Em 1996, consagrou- -se novamente com “A Noite Escura e Mais Eu” e, em 2001, com a coletânea de contos “Invenção e Memória”.
No ano de 2005, foi agraciada também com o Prêmio Camões, que enaltece autores de língua portuguesa pelo conjunto da sua obra. Seu nome entrou para uma lista da qual atualmente fazem parte 33 escritores de cinco países diferentes.
OBRA
Dentre sua longa trajetória encontram-se volumes como “Antes do Baile Verde” (1970), “As Meninas” (1973), “Seminário dos Ratos”(1977) e “Filhos Pródigos” (1978).
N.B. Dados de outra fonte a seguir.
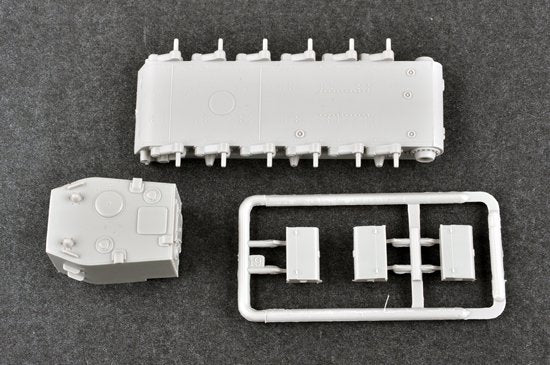 Trumpeter 07162 Char russe KV-2 avec canon de 107 mm zis-6 1/72 – image 4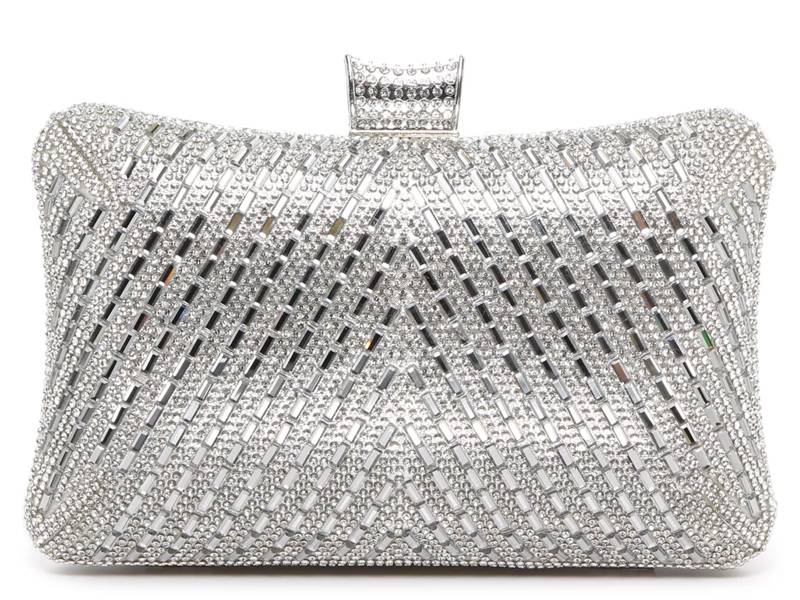 Curves Crystal Clutch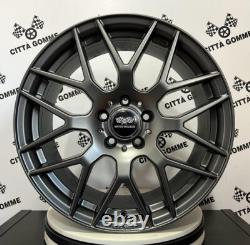 4 Jantes en Alliage Compatible Mini Compatriote 2017 Clubman Cooper One 18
Seu nome também aparece na história do cinema brasileiro. No filme Capitu (1968), inspirado no romance Dom Casmurro, de Machado de Assis, ela trabalhou em parceria com o crítico de cinema e seu segundo marido Paulo Emílio Sales Gomes, com quem foi casada de 1963 até ficar viúva em 1977. Ambos assinam o roteiro que posteriormente recebeu o Prêmio Candango, concedido pelo Festival de Brasília.
Além de adaptações para o cinema, o teatro e a televisão, seus livros foram traduzidos para uma série de idiomas, como alemão, espanhol, francês, inglês, italiano, polonês, sueco e tcheco.
Em 1985, Lygia se tornaria a terceira mulher na história a ser eleita para a Academia Brasileira de Letras. A escritora ingressou na ABL em 1987 na cadeira 16, na sucessão de Pedro Calmon.
PRÊMIOS
Além desse reconhecimento, a autora reuniria ao longo de sua trajetória diversos prêmios Jabuti e o Prêmio Camões, a maior honraria da literatura em língua portuguesa, recebido em 2005.
Foi casada com dois professores, o jurista Goffredo da Silva Telles Junior, da Faculdade de Direito, e o crítico de cinema Paulo Emílio Sales Gomes, da Escola de Comunicações e Artes.
Lygia, que faleceu em abril deste ano, não deixou descendentes. Seu único filho, o cineasta Goffredo da Silva Telles Neto, faleceu em 2006, aos 52 anos. Ele era fruto do relacionamento com o primeiro marido, o jurista Gofredo Teles Júnior, que durou de 1947 até 1960.